Submitted July 31, 1996.
Decided Aug. 7, 1996.
Benicio Sanchez-Rivera, Federal Public Defender, and Juan E. Alvarez, Assistant Federal Public Defender, on brief for appellant.
Guillermo Gil, United States Attorney, Jose A. Quiles-Espinosa, Senior Litigation Counsel, and Miguel A. Pereira, Assistant United States Attorney, on brief for the United States.
Before SELYA and BOUDIN, Circuit Judges, and McAULIFFE,* District Judge.
PER CURIAM.
Defendant-appellant Eric Joel Carrion-Cruz pled guilty to violating the carjacking statute, 18 U.S.C. § 2119(3). At the disposition hearing, the district court departed upward from the guideline sentencing range to impose a sentence of life imprisonment.1 Carrion-Cruz assigns error to the upward departure.
We have carefully examined the transcript of the disposition hearing, the presentence investigation report, and the briefs. Since we are persuaded that the assignment of error lacks merit, we summarily affirm. See 1st Cir. R. 27.1. We add only four brief comments.
First: U.S.S.G. § 5K2.0 allows sentencing courts to depart from the guideline sentencing range in a given case if the court finds aggravating or mitigating circumstances that render the case atypical and take it out of the "heartland" for which the applicable guideline was designed. See United States v. Quinones, 26 F.3d 213, 216 (1st Cir.1994); United States v. Rivera, 994 F.2d 942, 946 (1st Cir.1993); United States v. Diaz-Villafane, 874 F.2d 43, 49 (1st Cir.1989), cert. denied, 493 U.S. 862, 110 S. Ct. 177, 107 L. Ed. 2d 133 (1989). Here, the multiple killings for which the defendant was responsible--murdering four individuals (two of whom were good samaritans who had stopped to offer assistance) within an abbreviated time frame--transport the defendant's activities well outside the mine-run of carjacking cases. See U.S.S.G. § 5K2.1 (encouraging courts to consider upward departure from the otherwise applicable guideline sentencing range if the relevant offense conduct results in multiple deaths).
Second: The defendant points to his youth and limited intellect as mitigating factors. But his counsel made much the same argument below, and the district judge specifically commented upon these factors in passing sentence and took full account of them. Given the sentencing court's special coign of vantage, see Diaz-Villafane, 874 F.2d at 49, we cannot brush aside that court's considered judgment on so interstitial a matter.
Third: The defendant's challenge to the reasonableness of the upward departure is unavailing.

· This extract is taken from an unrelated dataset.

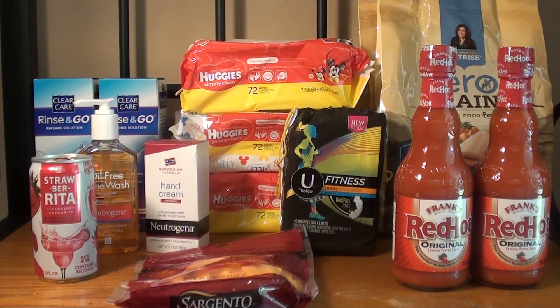Hey guys, welcome back to my channel Randy Saves. Today I will show you my Publix haul for this week. The weekly sales ad started today for me, which is July the 13th, and it goes through July the 19th, which is Wednesday. Some states the sale ad started yesterday and it ends Tuesday, so just make sure to check your weekly ad to see when yours starts and ends.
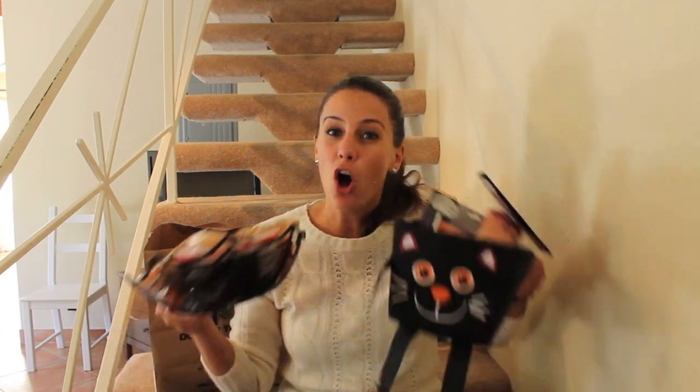Hey guys, I'm back with another Dollar Tree haul, and today I thought it's about time I start decorating for Halloween.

Offense Level 40 permits sentences of up to 365 months for first offenders. The magnitude of the ensuing departure--to a life sentence (Offense Level 43)--is reasonable, considering the sordid facts of the case. See, e.g., Quinones, 26 F.3d at 218 (explaining that "unusually brutal, cruel, and degrading treatment" of victims "is emblematic of the very sort of sociopathic behavior" that will sustain a substantial upward departure). The departure here meets any conceivable test of reasonableness. See, id. at 219-20 (upholding 60% increase as reasonable); Diaz-Villafane, 874 F.2d at 52 (upholding departure that more than doubled defendant's sentence as reasonable).
Fourth: Relatedly, the Supreme Court's recent opinion in Koon v. United States, --- U.S. ----, 116 S. Ct. 2035, 135 L. Ed. 2d 392 (1996), makes it clear that we must respect a district court's special competence in sentencing matters, see id. at ---- - ----, 116 S. Ct. at 2044-48, and uphold a departure sentence unless the court has abused its discretion, see id. at ----, 116 S.Ct. at 2046-48. In light of the stark facts of this brutal crime, a convincing case of discretion abused simply cannot be mustered.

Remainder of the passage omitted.